Brief descriptive captions
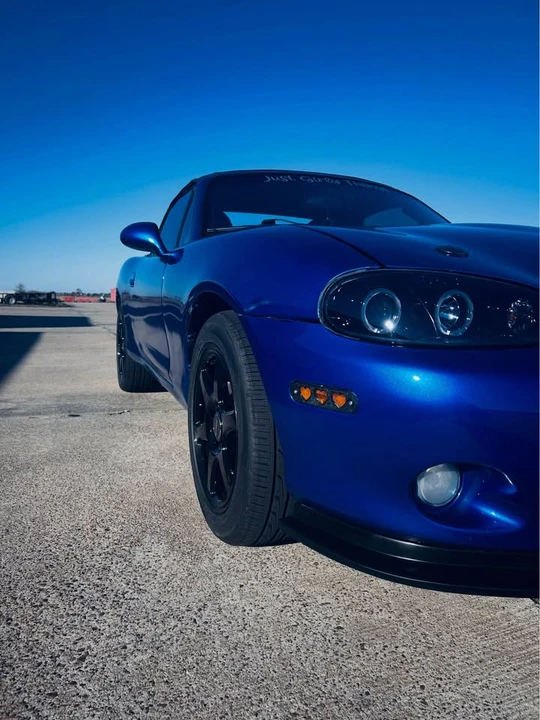 2003 Mazda NB MX-5 Miata - Image 5 of 14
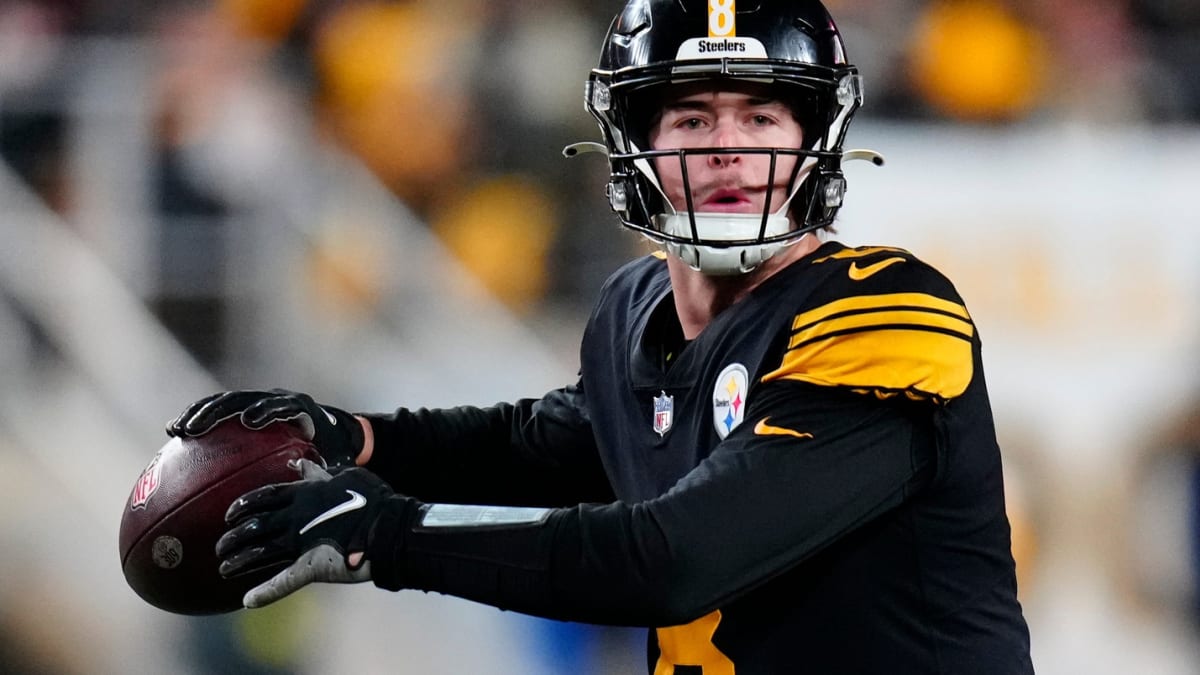 Pittsburgh Steelers Give Update on QB Kenny Pickett's Game Status vs  Panthers - Sports Illustrated Carolina Panthers News, Analysis and More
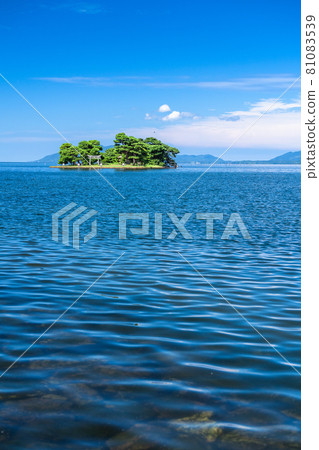 《島根縣》夏之湖真道，Yomega島 81083539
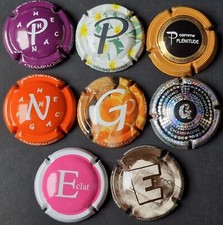 Lot 8 CAPSULES générique LETTRE ALPHABET Divers - PLAQUE DE MUSELET CHAMPAGNE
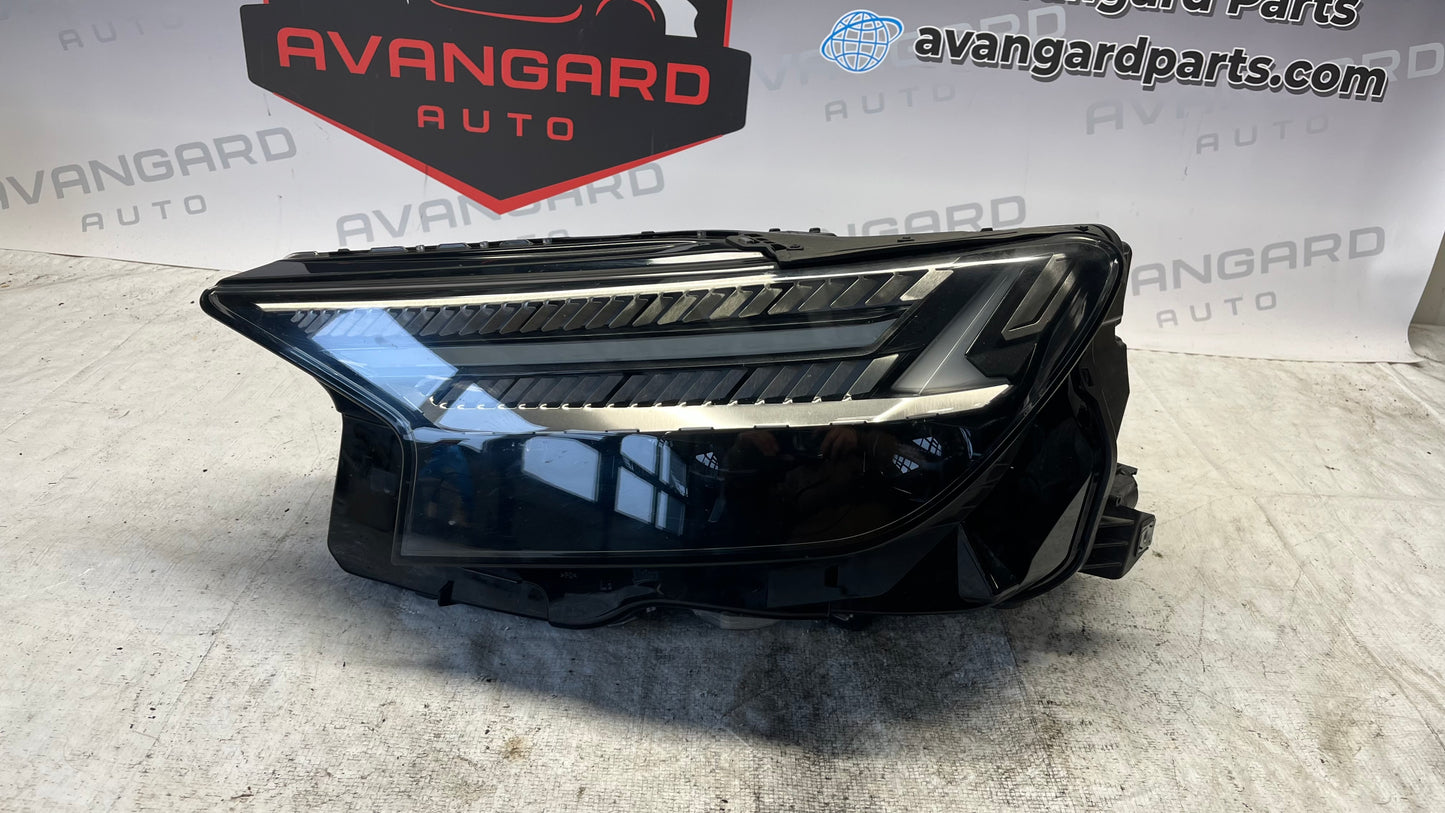 Audi Q4 2022 Matrix ляв фар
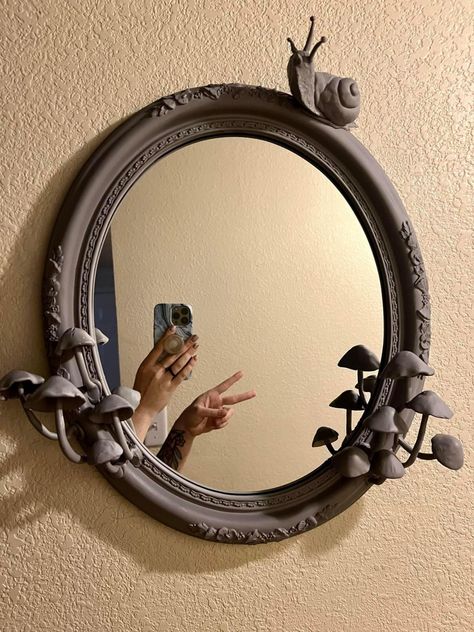 Ceramic Frame Ideas, Paper Mache Mirror Frame, Clay On Mirror, Foam Clay Mirror, Air Dry Clay Mirror Frame, Clay Frame Diy, Oven Baked Clay Ideas, Oven Baked Clay Projects, Clay Frame Ideas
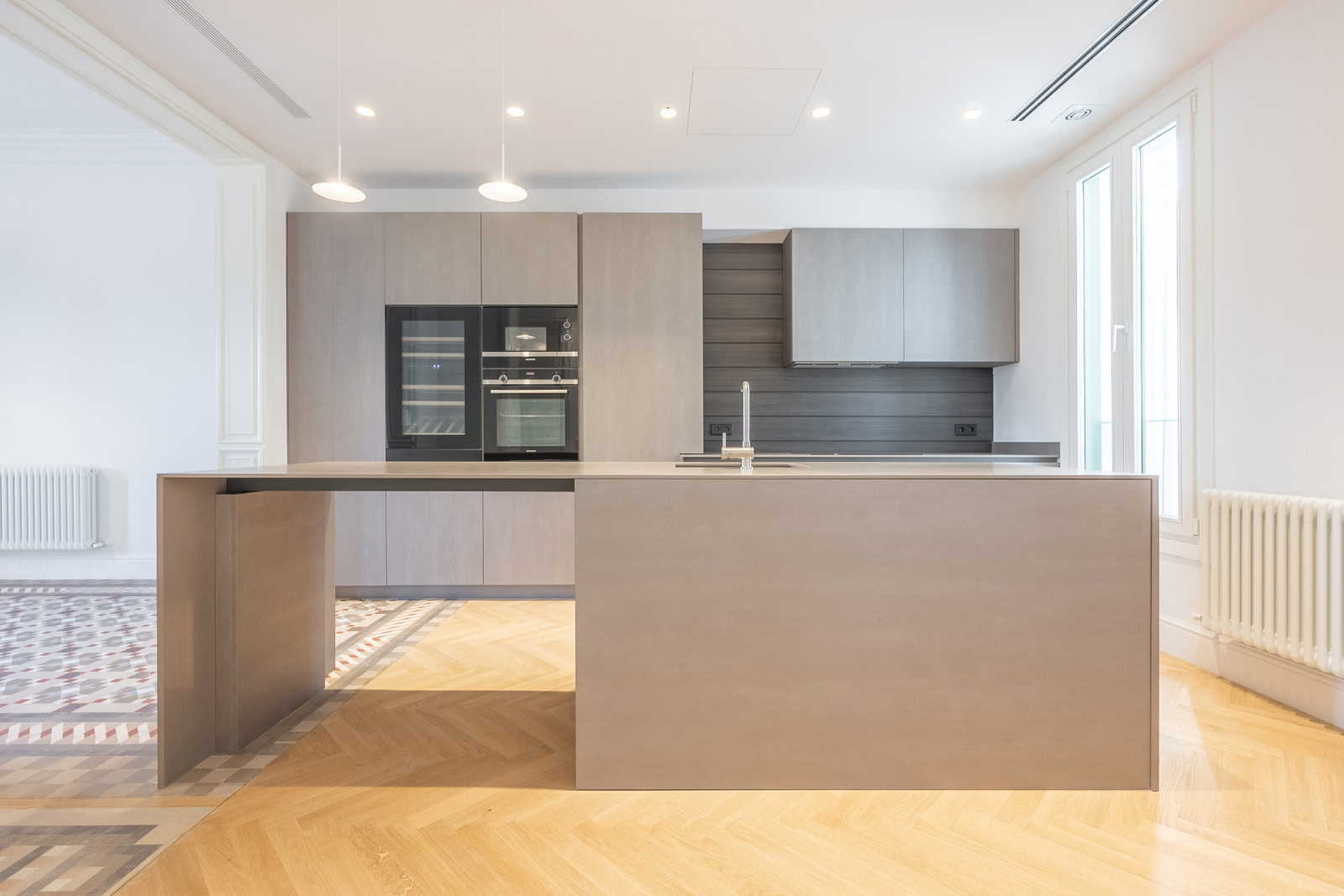 Apartment in Barcelona, Spain 2 bedrooms, 159 sq.m. No. 148872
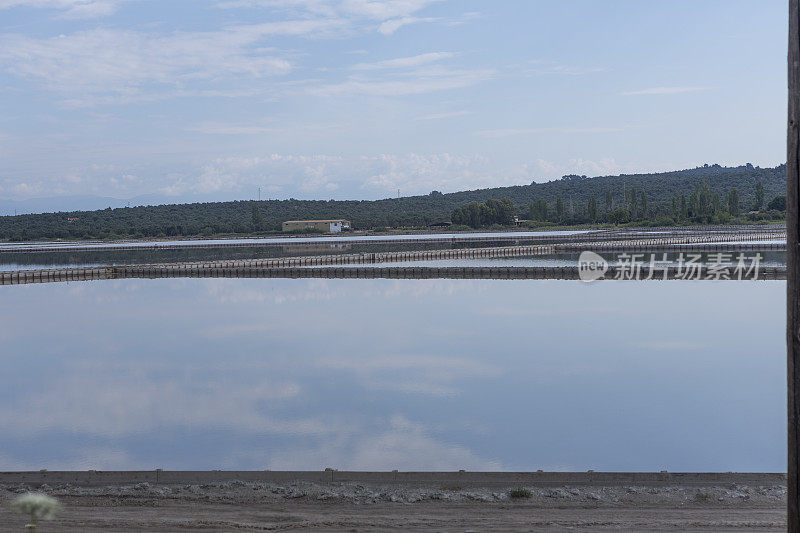 天然海盐生产池水阿瓦利克巴利克西尔火鸡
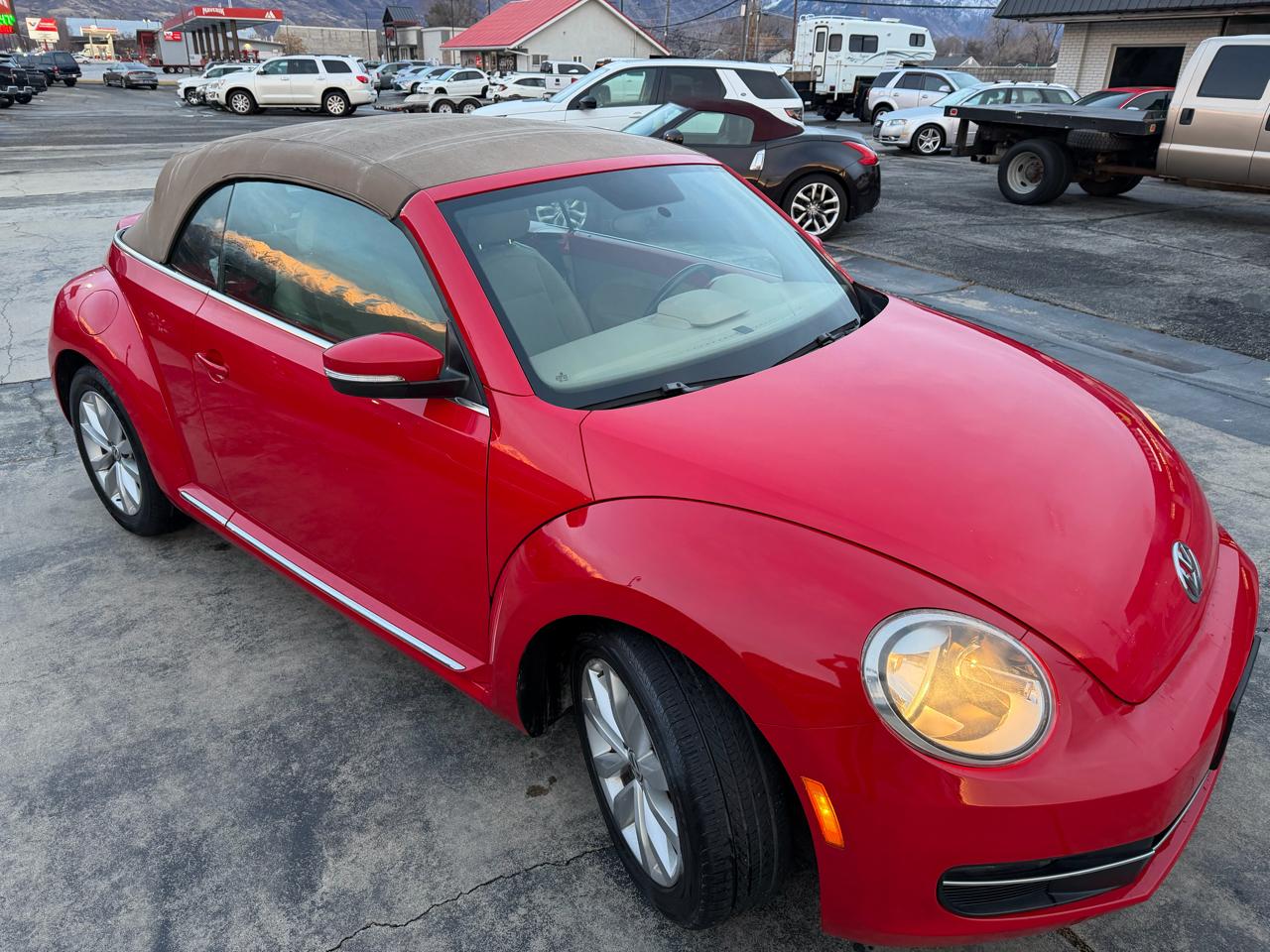 Volkswagen Beetle Convertible 2dr DSG 2.0L TDI 2014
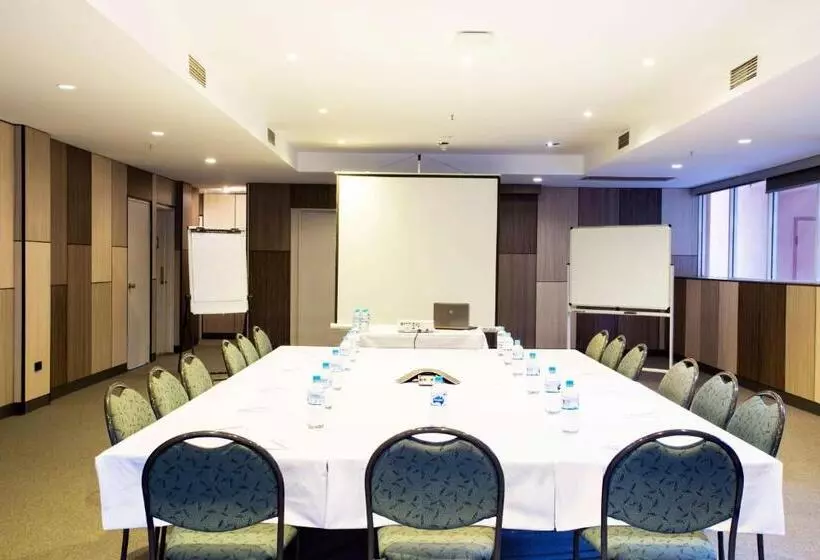 Metro Aspire Hotel Sydney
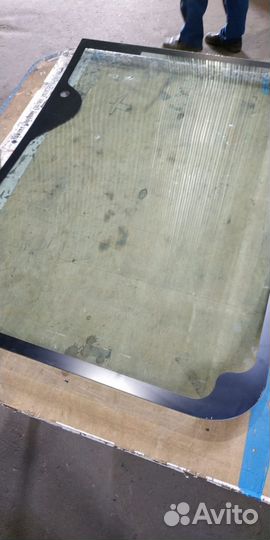 Стекло боковое правое Хитачи zx180lc-3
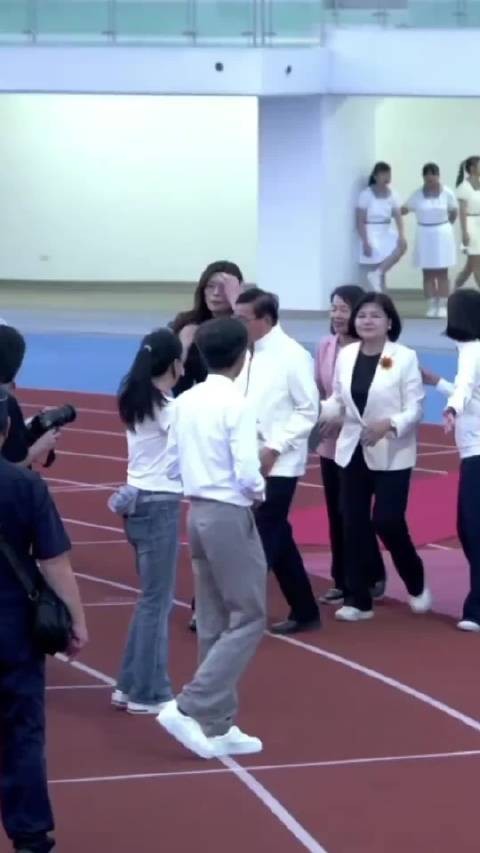 在野党郑丽文也风光？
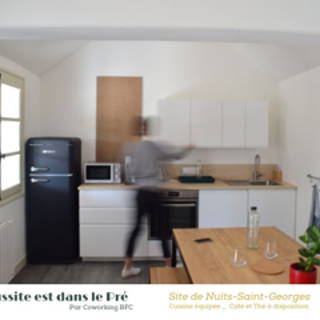 Bureau privé 16 m² 2 postes Coworking Rue Marcellin Berthelot Nuits-Saint-Georges 21700 - photo 2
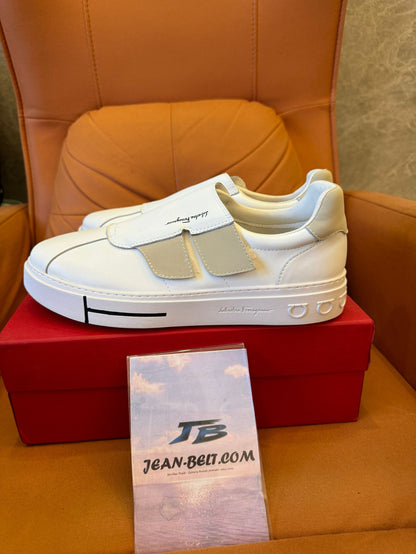 Zapatillas sin cordones con velcro de Salvatore Ferragamo en piel blanca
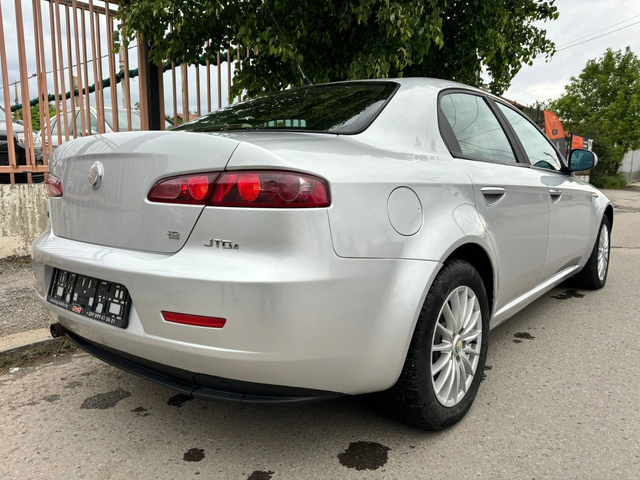 Alfa Romeo 159 1, 900JTDm EURO4 - автомобили, коли, обяви за нови и употребявани 6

Directions :: What's needed is an exact copy of the records above from the line containing "Lot 8 CAPSULES" down to the line containing "Audi Q4 2022 Matrix ляв фар", both included, without any pictures.

Answer space ::
 Lot 8 CAPSULES générique LETTRE ALPHABET Divers - PLAQUE DE MUSELET CHAMPAGNE
 Audi Q4 2022 Matrix ляв фар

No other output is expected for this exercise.